Un jour, alors qu’elle participait à un entraînement sur le terrain, une voiture banalisée s’est approchée d’elle. Deux personnes en sont sorties et lui ont demandé d’entrer dans la voiture. Elle s’est dit que c’étaient deux citoyens civils qui s’étaient perdus sur la base, mais ce n’était pas le cas. Ils lui ont dit qu’ils faisaient partie d’une unité d’enquête spéciale et qu’ils étaient là pour l’arrêter.
Ils l’ont emmenée dans un petit immeuble qu’elle ne connaissait pas à la limite de la base. C’est là, dans une petite salle mal éclairée, qu’elle a été interrogée pendant près de cinq heures. Ils lui ont posé des questions sur ses antécédents sexuels ainsi que sur ses habitudes et préférences sexuelles. Ils lui ont demandé avec qui elle avait couché et combien de fois. Les interrogateurs de Martine lui ont dit qu’elle pourrait rester dans les Forces armées canadiennes si elle avouait ses perversions sexuelles.
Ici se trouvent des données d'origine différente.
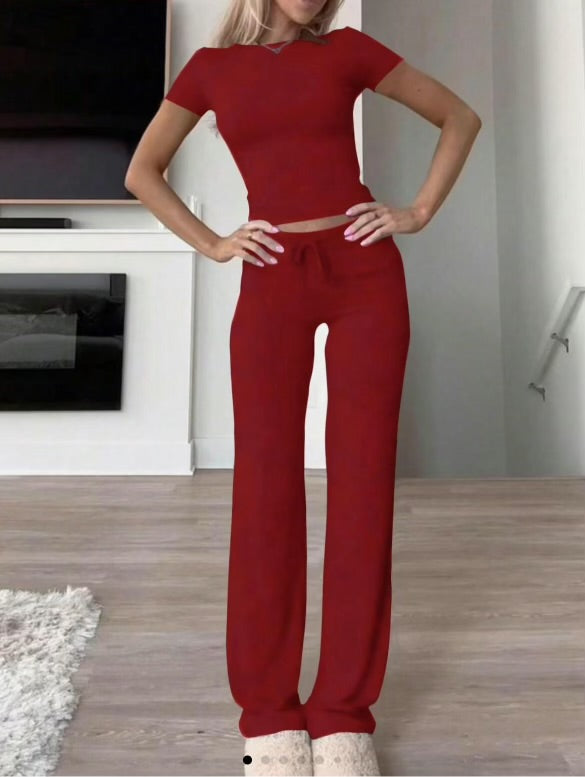 Women's butter-soft cotton blend two-piece set, flattering relaxed fit, versatile casual-to-dressy style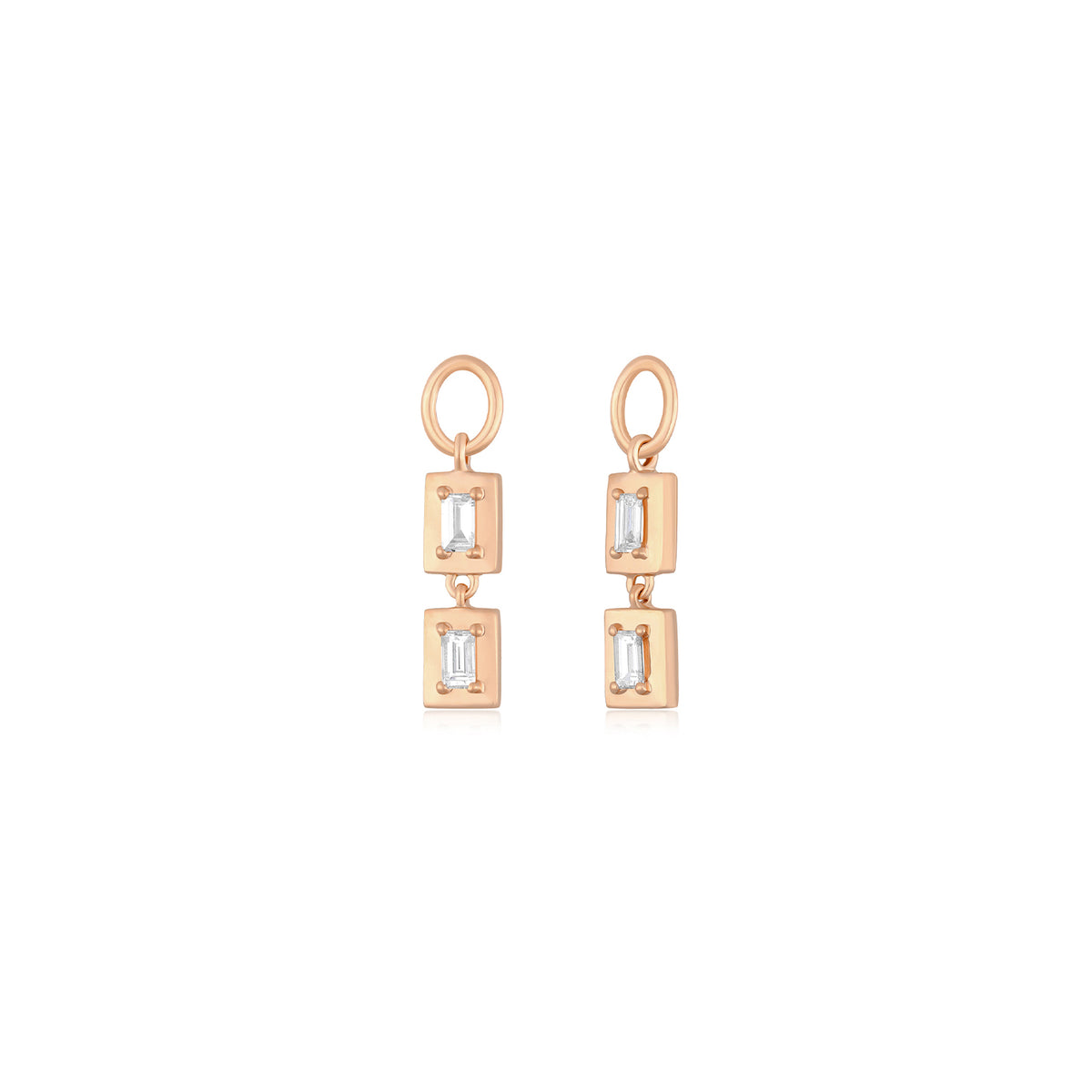 Gold Frame Double Baguette Diamond Huggie Charm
Épuisée, effrayée et humiliée, elle a dit qu’elle était jeune, qu’elle se cherchait et qu’elle n’avait pas les idées claires.
Plus tard, elle a été convoquée au bureau du psychologue afin qu’il puisse décider si elle était normale ou anormale. Elle a participé à plusieurs séances humiliantes et dégradantes avec lui.
Enfin, en décembre 1984, Martine s’est vu ordonner de se présenter au bureau du colonel de la base. Il lui a demandé si elle savait pourquoi elle était là. Elle lui a répondu qu’elle ne le savait pas. Martine s’est fait dire qu’elle était déviante et qu’elle allait être libérée de ses fonctions parce qu’elle était homosexuelle.
Bien qu’elle ait été appréciée de ses supérieurs pour la qualité de son travail, et malgré son profond engagement à l’égard de l’institution et de son pays, Martine Roy n’a disposé que de neuf jours pour rassembler ses effets personnels et quitter la base. Neuf jours seulement, honorables collègues, pour dire un dernier au revoir à ce rêve qui était le sien.
Mme Roy a vécu avec un sentiment de honte et de culpabilité, parce qu’elle avait l’impression que ces événements étaient de sa faute. Elle a dû, malgré elle, avouer son orientation sexuelle à des étrangers sans qu’elle l’ait décidé et sans qu’elle puisse choisir le moment qui lui convenait pour le faire. Ce fut le cas de nombreuses autres victimes de la purge et de ces persécutions licites. Martine est revenue au Québec où elle a subi un important traumatisme émotionnel, lequel subsiste à ce jour. Elle a combattu pendant des années une dépendance à la drogue, elle a dû subir une thérapie intensive et a eu de la difficulté à maintenir des relations affectives. Elle a vécu dans la peur et dans un état de constante anxiété, ne pouvant être elle-même et craignant être rejetée par son employeur ou par ses proches.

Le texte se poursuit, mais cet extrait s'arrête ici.